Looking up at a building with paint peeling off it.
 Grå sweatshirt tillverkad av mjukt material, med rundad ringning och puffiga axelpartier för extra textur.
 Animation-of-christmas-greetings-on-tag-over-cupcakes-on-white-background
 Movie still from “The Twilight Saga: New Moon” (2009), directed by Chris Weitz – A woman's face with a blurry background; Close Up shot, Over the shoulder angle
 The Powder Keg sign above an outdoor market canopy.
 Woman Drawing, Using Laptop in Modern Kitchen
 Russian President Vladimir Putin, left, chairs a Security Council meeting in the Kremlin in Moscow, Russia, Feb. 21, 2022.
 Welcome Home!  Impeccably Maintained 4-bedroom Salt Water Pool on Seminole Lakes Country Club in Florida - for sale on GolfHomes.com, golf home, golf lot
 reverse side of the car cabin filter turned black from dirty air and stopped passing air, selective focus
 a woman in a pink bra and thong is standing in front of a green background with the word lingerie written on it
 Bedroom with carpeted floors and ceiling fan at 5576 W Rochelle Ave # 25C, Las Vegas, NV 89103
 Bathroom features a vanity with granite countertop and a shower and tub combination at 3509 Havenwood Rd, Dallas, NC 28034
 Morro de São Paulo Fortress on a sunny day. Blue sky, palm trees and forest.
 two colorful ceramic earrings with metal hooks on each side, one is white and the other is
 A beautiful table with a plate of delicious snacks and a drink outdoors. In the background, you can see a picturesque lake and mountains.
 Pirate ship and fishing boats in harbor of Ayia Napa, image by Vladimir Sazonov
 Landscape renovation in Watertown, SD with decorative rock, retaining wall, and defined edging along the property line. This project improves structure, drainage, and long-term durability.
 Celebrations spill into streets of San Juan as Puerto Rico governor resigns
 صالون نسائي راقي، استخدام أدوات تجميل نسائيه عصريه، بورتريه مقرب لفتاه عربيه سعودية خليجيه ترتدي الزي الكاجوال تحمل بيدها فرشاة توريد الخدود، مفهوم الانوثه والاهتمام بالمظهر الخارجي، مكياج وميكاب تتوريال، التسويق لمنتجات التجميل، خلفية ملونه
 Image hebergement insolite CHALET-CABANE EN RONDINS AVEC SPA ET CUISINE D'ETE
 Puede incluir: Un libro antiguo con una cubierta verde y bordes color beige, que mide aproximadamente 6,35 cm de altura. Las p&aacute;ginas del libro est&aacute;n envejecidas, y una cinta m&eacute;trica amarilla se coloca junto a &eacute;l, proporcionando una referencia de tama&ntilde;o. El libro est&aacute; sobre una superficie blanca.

-*-

*EXERCISE*
Could you set down exactly the lines from the one containing "Image hebergement insolite" through the last line of the records above, both included?

*COMPLETED EXERCISE*
 Image hebergement insolite CHALET-CABANE EN RONDINS AVEC SPA ET CUISINE D'ETE
 Puede incluir: Un libro antiguo con una cubierta verde y bordes color beige, que mide aproximadamente 6,35 cm de altura. Las p&aacute;ginas del libro est&aacute;n envejecidas, y una cinta m&eacute;trica amarilla se coloca junto a &eacute;l, proporcionando una referencia de tama&ntilde;o. El libro est&aacute; sobre una superficie blanca.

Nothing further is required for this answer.